Know your butcher and respect the animal
Anyone who wants to eat meat sustainably should be aware that meat comes from an animal that is bred, grows up, is fed and at some point is slaughtered and processed into meat and sausage. Once upon a time, that peice of meat was a living being that grew up and someone tended to it.
That's why it is important that you build up a good relationship with your butcher. Ask him questions about the origin and supply chain.
Or find a supplier where you can be sure that all information is correct. Ideally, you can visit the farmer where the animals you want to eat are bred.

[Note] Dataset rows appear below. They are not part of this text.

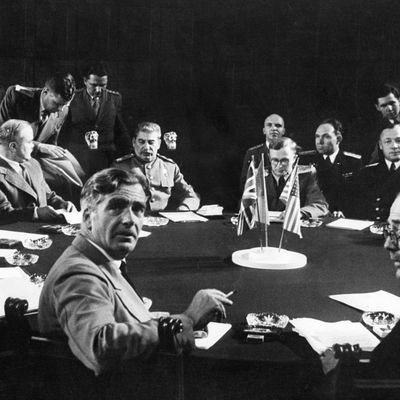 Staline, leader soviétique fait face au Premier britannique Clement Attlee et son ministre des Affaires étrangers Anthony Eden, lors de la conférence de Potsdam, du 17 juillet au 02 août 1945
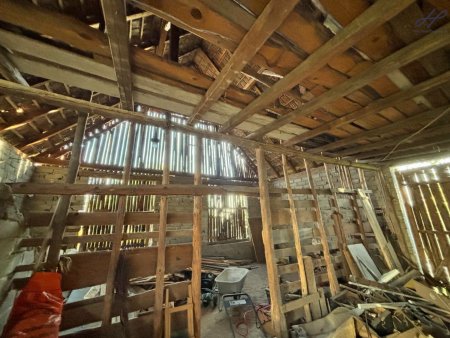 Geräumiges Einfamilienhaus mit Scheune und Keller auf großem Grundstück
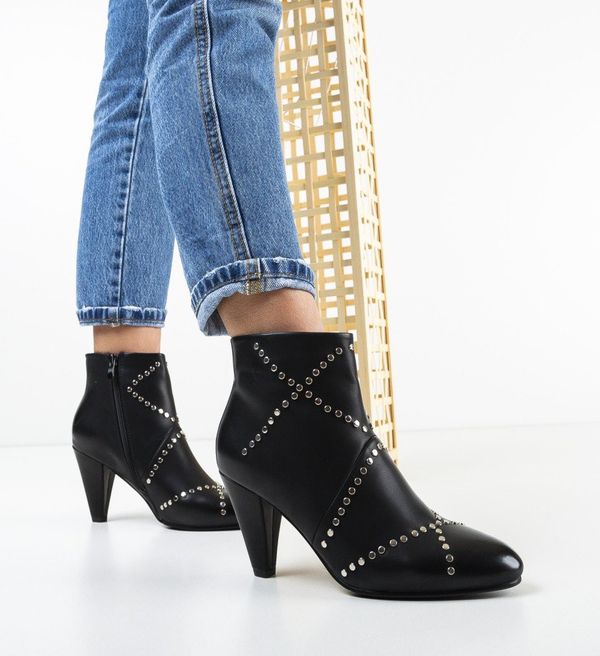 Ali Ботини Alistair Черни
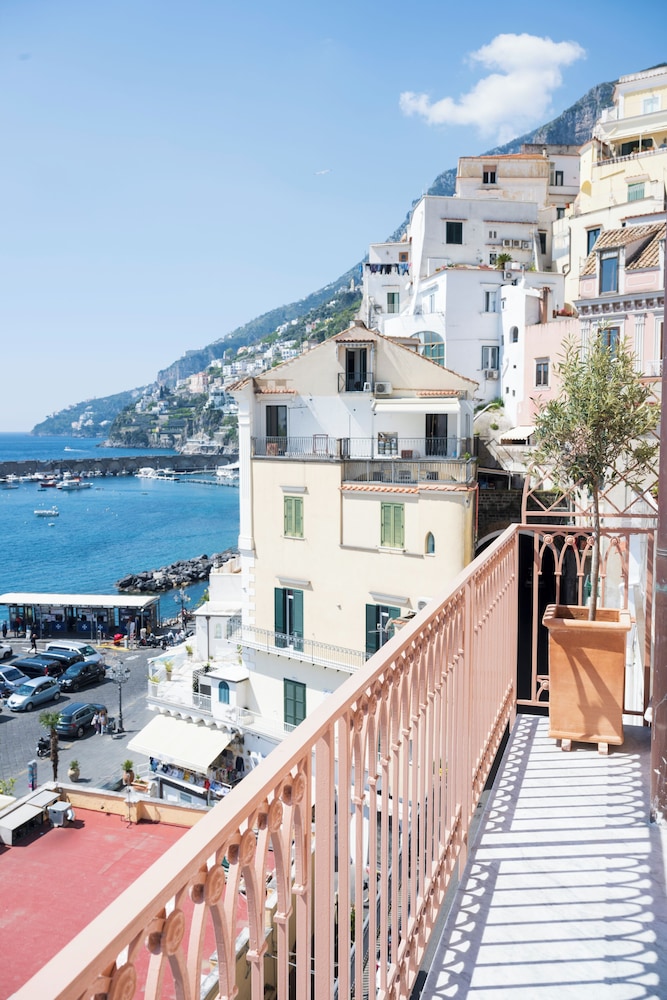 ABBRACCIO Amalfi Boutique Retreat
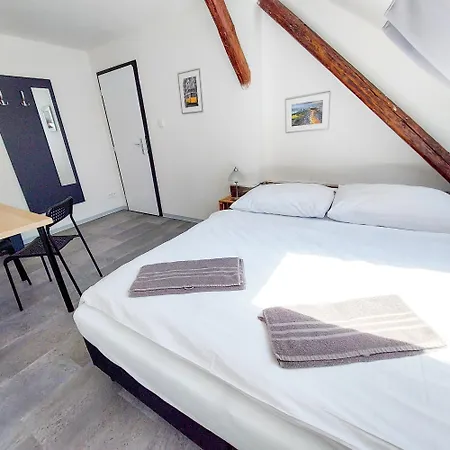 Homestay Romanticky Pokojicek V Podkrovi R5 *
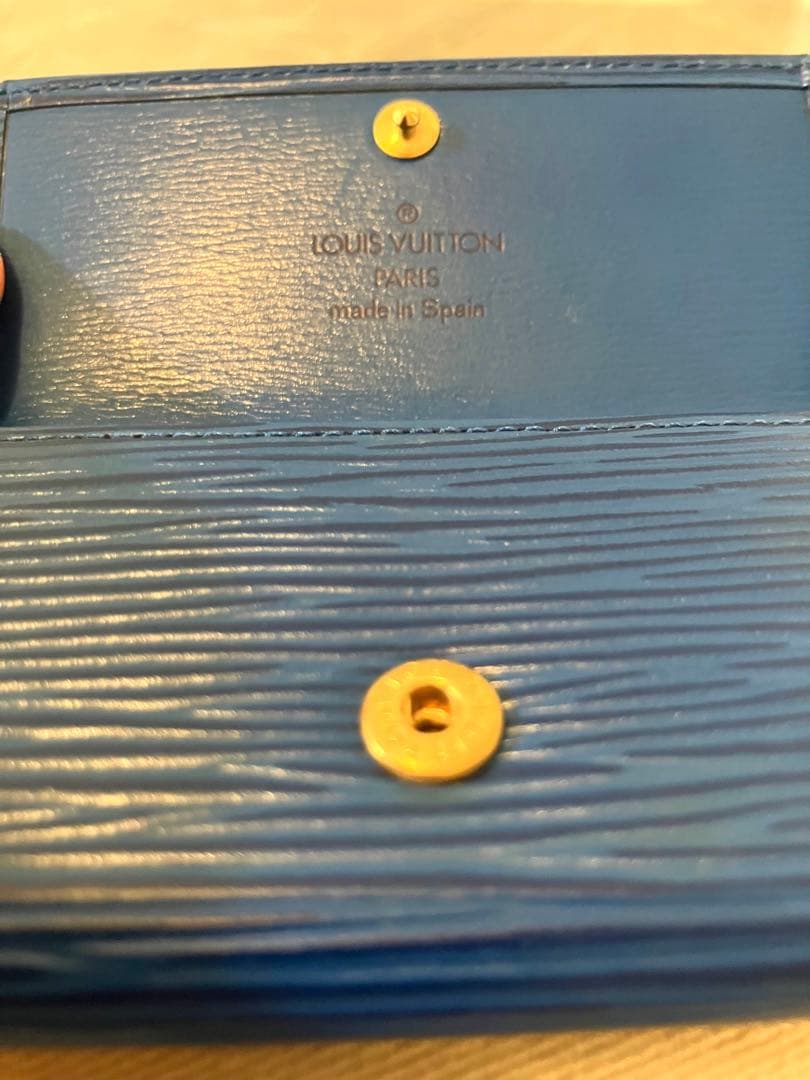 【新品】ルイ・ヴィトン 青 エピレザー キーケース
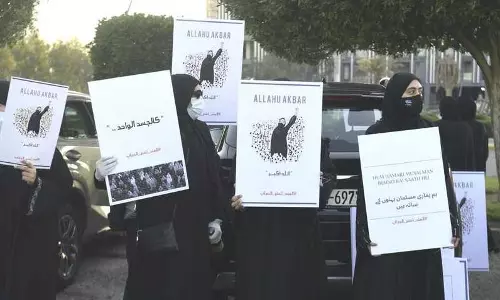 ഹിജാബ് വിവാദം: കുവൈത്തിലും വ്യാപക പ്രതിഷേധം ഹിജാബ് വിവാദം: കുവൈത്തിലും വ്യാപക പ്രതിഷേധം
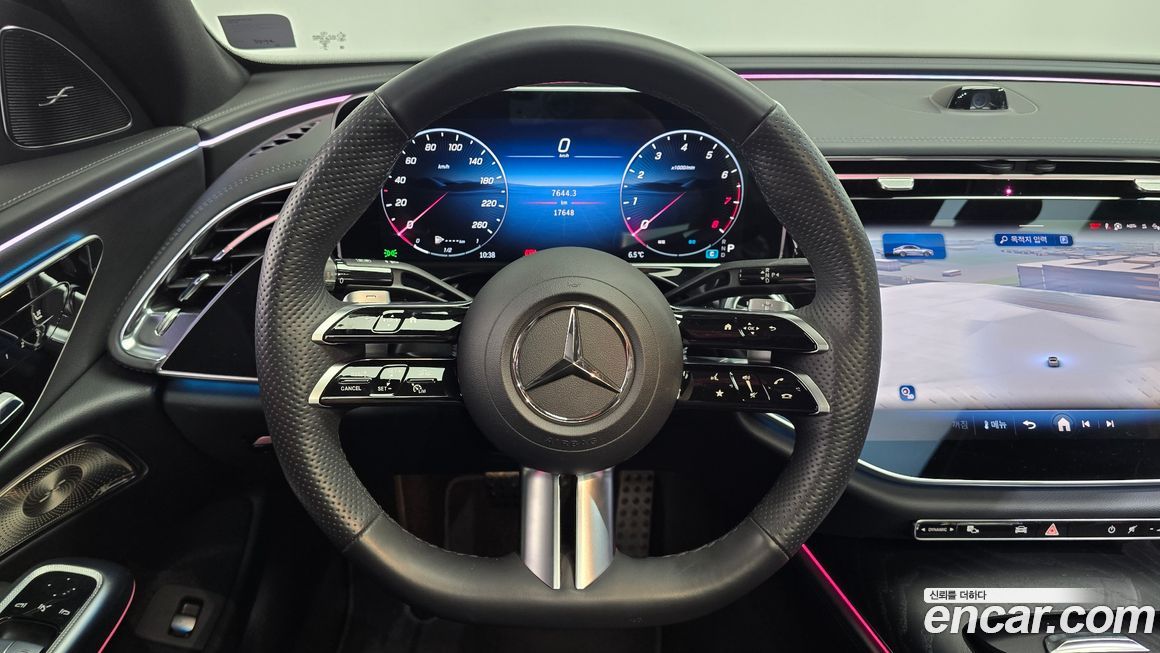 Mercedes-Benz E-Class 2024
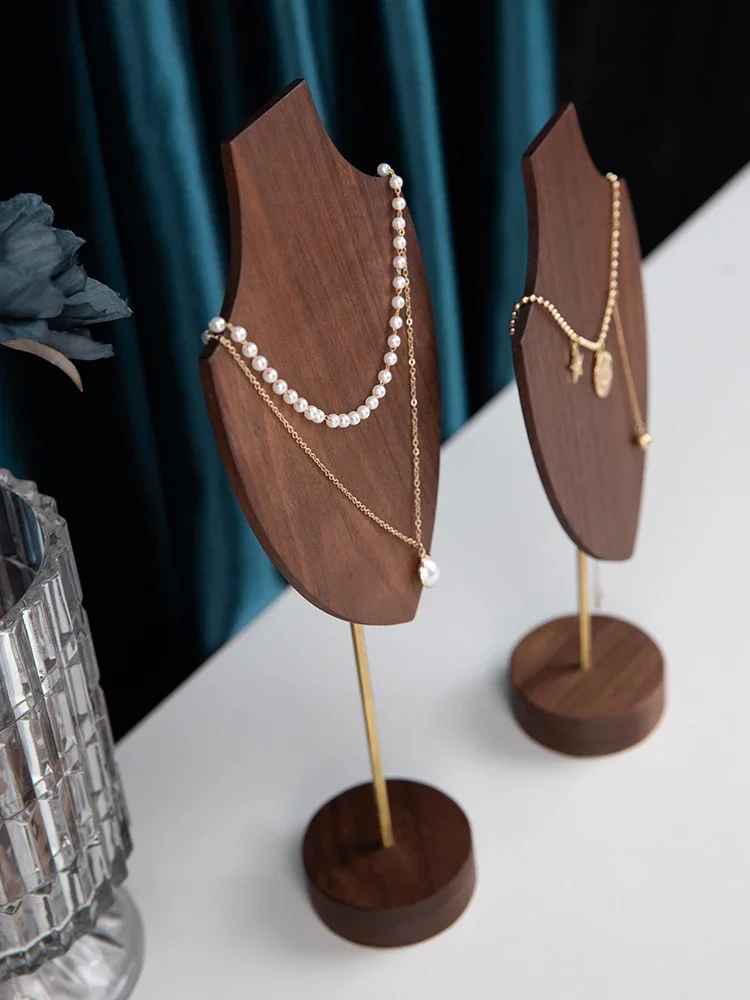 Presentoir collier buste femme bois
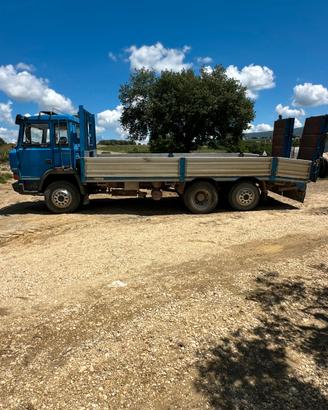 Iveco 145-17 motrice pianale con rampe idrauliche
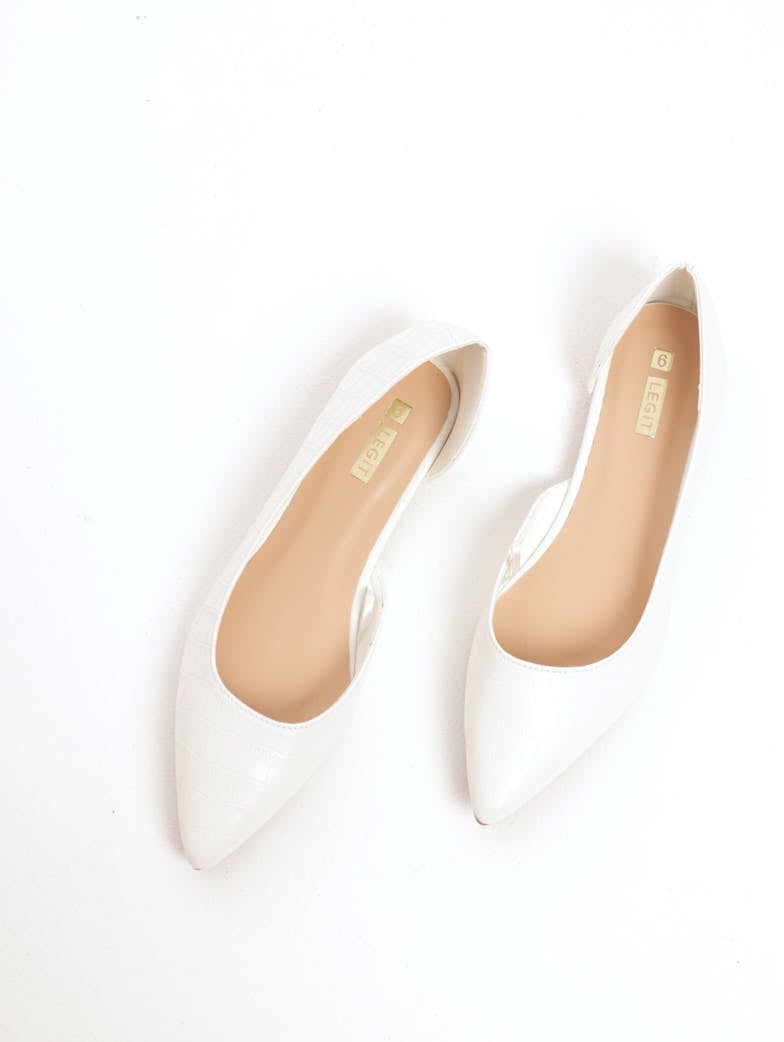 Ladies Matte Croc Open Waist Pointy Pump Shoe - White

If you want to do it right, you should not hesitate to use and eat all the ingredients of an animal or even be present at a slaughter. That means: no fear of the innards and extremities, like kidneys, thighs, feet etc. Cattle does not only consist of the steak or the burger, which you can buy already packed in the freezer. Remember: Once it was a whole, living animal. And eating whole animals is not about blood and guts, but about enough respect for the animal to realize that when it died for you, you can at least use every part.
Little meat is good.
It is even more sustainable if you reduce your meat consumption to a minimum. 1-2 times a week is fine. Less is better.
No meat is even better.
For a very climate-friendly cuisine, however, it is much better to do without a large amounts of animal products. Especially pigs and cattle have a bad climate footprint, because they are bred in large masses. Cattle release methane during their digestion. In addition, pigs and cattle consume an enormous amount of fodder, for whose cultivation forests are cleared. In addition, new trade agreements mean that meat products are sold across the globe. China buys pigs from Germany. Germany buys cattle from Argentina. This increases the global CO2 emissions enormously.
So if you want to do something for the climate, buy regional organic meat or do without it completely.